Abstract

Gymnasium principal Dieter Smolka reports on German students’ disappointing performance on the OECD’s Programme for International Student Assessment (PISA) test in 2000. Then he outlines his recommendations for a comprehensive reform of the education system.

German Students Perform Poorly on the OECD’s PISA Test (2002)

  • Dieter Smolka

Source

The PISA Study: Consequences and Recommendations for Education Policy and School Practice

Introduction

The PISA study relegated the German Bildungsnation (i.e., education nation) to the back rows and shattered the self-image of our education system. In the debate that has raged since, people have sought ways out of the education crisis and have given focused consideration to the need to reform our school system. The PISA study and its supplementary domestic study (PISA-E) provide the basis and the impetus for change and innovation in education policy and school practice, something that – measured against the international performance standard – all German federal states need.

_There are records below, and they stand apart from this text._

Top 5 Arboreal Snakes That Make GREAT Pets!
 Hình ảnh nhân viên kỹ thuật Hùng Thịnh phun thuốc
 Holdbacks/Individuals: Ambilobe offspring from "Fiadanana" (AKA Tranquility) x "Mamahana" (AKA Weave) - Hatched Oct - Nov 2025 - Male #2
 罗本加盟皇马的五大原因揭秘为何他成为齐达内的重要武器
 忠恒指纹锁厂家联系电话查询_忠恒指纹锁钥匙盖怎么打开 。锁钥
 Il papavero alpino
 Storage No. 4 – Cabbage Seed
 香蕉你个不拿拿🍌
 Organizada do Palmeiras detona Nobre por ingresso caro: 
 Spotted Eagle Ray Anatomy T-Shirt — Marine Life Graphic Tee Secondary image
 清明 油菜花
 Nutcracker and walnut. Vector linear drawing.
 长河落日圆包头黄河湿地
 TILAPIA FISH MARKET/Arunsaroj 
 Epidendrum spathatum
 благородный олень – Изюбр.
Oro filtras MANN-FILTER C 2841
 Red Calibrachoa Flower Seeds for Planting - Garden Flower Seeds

In addition to state-by-state [i.e., Land] comparisons of basic reading, math, and science skills, and of college-preparatory high schools [Gymnasien], both studies also include additional information on the relationship between social background and educational success, the influence of social inequalities on school attendance, the status of students from immigrant families, and the institutional conditions for school learning.

In terms of student performance, the discrepancy between the strongest and the weakest federal states proved to be substantial. Bavaria exceeded the OECD average in reading competency, but it was still no match for the top scorers from other countries. So the best federal state in this area was merely first in the “second division.”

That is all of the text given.